Dritte Generation Ostdeutschland: The Next Generation - Projekt Zukunft

Junge Theaterleute aus Ost und West fühlen sich der so genannten Dritten Generation Ostdeutschland verbunden und haben in Dresden ein Theaterstück über die Wende und das deutsch-deutsche Miteinander auf die Bühne gebracht. Dabei stellen sie auch kritische Fragen über unsere heutige Gesellschaft und den Kapitalismus.

Dort steht er, auf der dunklen Bühne, ein junger, schlanker Mann um die 30, blonde, kurze Haare, wache Augen. „Ein Bild“, sagt er, „da sind unglaublich viele Menschen. Sie drängeln und schieben sich aneinander vorbei, sie rufen: ´Wir bleiben hier!` und ´Wir wollen Freiheit!`."

Es ist Premierenabend im Projekttheater in Dresden. Dicht an dicht sitzen ältere Herren mit Nickelbrille neben jungen Menschen mit stylischer Nerd-Brille und hören erwartungsvoll zu.

Unter ihnen lauscht auch gebannt eine junge Frau, ebenfalls um die 30. Braune, lange Haare, schwarzes Abendkleid, geschärfter Blick. Mehr als alle anderen verfolgt sie die Bewegungen des Schauspielers, hängt an seinen Lippen und scheint jedes Wort lautlos mitzusprechen.

Die konzentrierte Zuschauerin ist Romy Weyrauch. Sie ist 1983 in Erfurt geboren, in Berlin aufgewachsen, hat in England und Hildesheim Drama und Kulturwissenschaften studiert und ist Regisseurin ihres eigenen Stückes geworden. Ein Stück mit dem kryptischen Titel "1989 [exit ghost]".

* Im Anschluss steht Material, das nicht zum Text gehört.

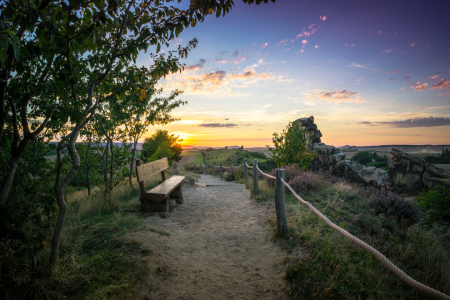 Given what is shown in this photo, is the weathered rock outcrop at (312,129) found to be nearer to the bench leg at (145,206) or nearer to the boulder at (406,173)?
the boulder at (406,173)

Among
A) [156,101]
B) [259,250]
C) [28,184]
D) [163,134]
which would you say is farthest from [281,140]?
[163,134]

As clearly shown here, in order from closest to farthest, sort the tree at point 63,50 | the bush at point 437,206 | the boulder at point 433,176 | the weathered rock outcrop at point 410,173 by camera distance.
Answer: the tree at point 63,50
the bush at point 437,206
the boulder at point 433,176
the weathered rock outcrop at point 410,173

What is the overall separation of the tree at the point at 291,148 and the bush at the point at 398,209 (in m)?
4.98

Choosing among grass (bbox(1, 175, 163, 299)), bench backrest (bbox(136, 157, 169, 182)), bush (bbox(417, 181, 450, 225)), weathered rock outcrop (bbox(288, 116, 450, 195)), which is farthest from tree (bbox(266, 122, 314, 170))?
grass (bbox(1, 175, 163, 299))

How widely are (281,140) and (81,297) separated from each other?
1046 centimetres

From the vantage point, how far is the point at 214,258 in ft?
13.1

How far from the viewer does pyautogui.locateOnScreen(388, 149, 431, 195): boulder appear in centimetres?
1160

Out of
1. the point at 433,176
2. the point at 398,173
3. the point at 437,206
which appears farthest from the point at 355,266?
the point at 398,173

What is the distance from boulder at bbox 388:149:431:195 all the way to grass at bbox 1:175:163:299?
13460 mm

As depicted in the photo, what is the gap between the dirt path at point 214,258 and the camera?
298 centimetres

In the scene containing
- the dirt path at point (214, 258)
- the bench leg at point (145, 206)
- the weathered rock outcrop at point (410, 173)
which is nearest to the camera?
the dirt path at point (214, 258)

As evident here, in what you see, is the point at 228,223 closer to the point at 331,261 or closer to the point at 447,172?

Das Drama beschäftigt sich mit Themen, die Teil ihres Lebens sind und die sie so sehr beschäftigt haben, dass sie sie künstlerisch verarbeiten musste: ihre Kindheit in der Deutschen Demokratischen Republik, die Wende, das Aufwachsen in einem wiedervereinigten Land und letztendlich die kritische Auseinandersetzung mit der DDR und der heutigen Bundesrepublik – als erwachsene Frau. Sie spürte ein undefinierbares Gefühl der inneren Zerrissenheit, vielleicht auch Heimatlosigkeit.

So wie Romy Weyrauch fühlen viele der Mitte 20- bis Mitte 30-Jährigen, die in der DDR geboren wurden und im wiedervereinigten Deutschland aufgewachsen sind. Mittlerweile gibt es für diese 2,4 Millionen Menschen mit Ost-Biografie auch einen konkreten Namen: "Dritte Generation Ostdeutschland". Eine gleichnamige Initiative, die vor zweieinhalb Jahren von jungen Ost- und Westdeutschen gegründet wurde, kreierte diese Bezeichnung und macht seit dem durch Treffen, eine Bustour und einem Buch auf sich aufmerksam. "Ein Glücksfall", wie Romy Weyrauch sagt, so stehe sie jetzt nicht mehr alleine da.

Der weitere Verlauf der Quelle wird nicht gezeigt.